I am now a Real Journalist

Attention UK readers and readers with access to UK-based magazines! Awhile back I went into blog silence while I was busy with something else (not that anyone noticed, but that’s beside the point). That something is finished, published, and available to the public in issue 1004 of Micro Mart, Britain’s #1 computing magazine and Big Sister of Den of Geek! Just look for the cover below and part with your money to feast upon my article about the history of Massive Multiplayer Online games.

Micro Mart Magazine iss 1004

I’m not sure I ever told anyone publicly that I was working on a legitimate article for a legitimate magazine, but now that I know that I A) didn’t suck and B) could actually finish something that I find relatively satisfying, I know I can publicize it without jinxing myself. So go out and buy a copy or ten, share them with your friends, and of course come over here and join the trolls as they flame me for my general incompetence.

I look forward to being told how much of a moron I am by strangers on the internet.

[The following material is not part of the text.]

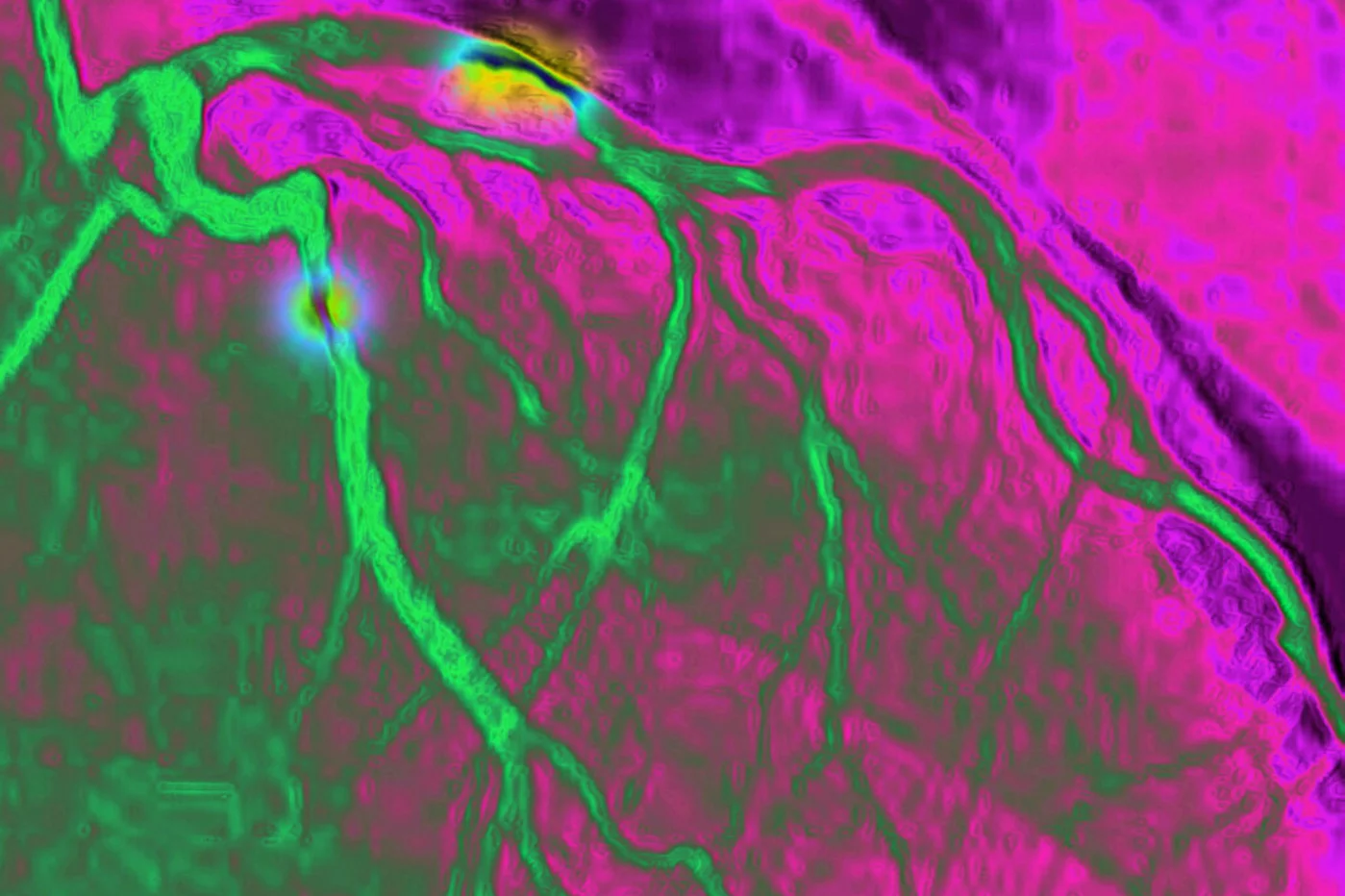 Visualización por angiografía de un infarto de miocardio por destrucción parcial del músculo cardiaco debido a dos estenosis en la arteria coronaria izquierda. Foto: AGEFOTOSTOCK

After all, hating you keeps me warm at night. 🙂 As a newly minted member of the legitimate media, I can now join with my ink-stained brethren and remind you all that I am an expert in my field and an actual writer, and you are all mouth-breathing drool babies who live in your mother’s basement and live only to slander your betters (people like me, Buzz BissingerRon).

The next time you see me, I’ll be on Bob Costas’ HBO show calling Ryan Block a gin-soaked fucknozzle.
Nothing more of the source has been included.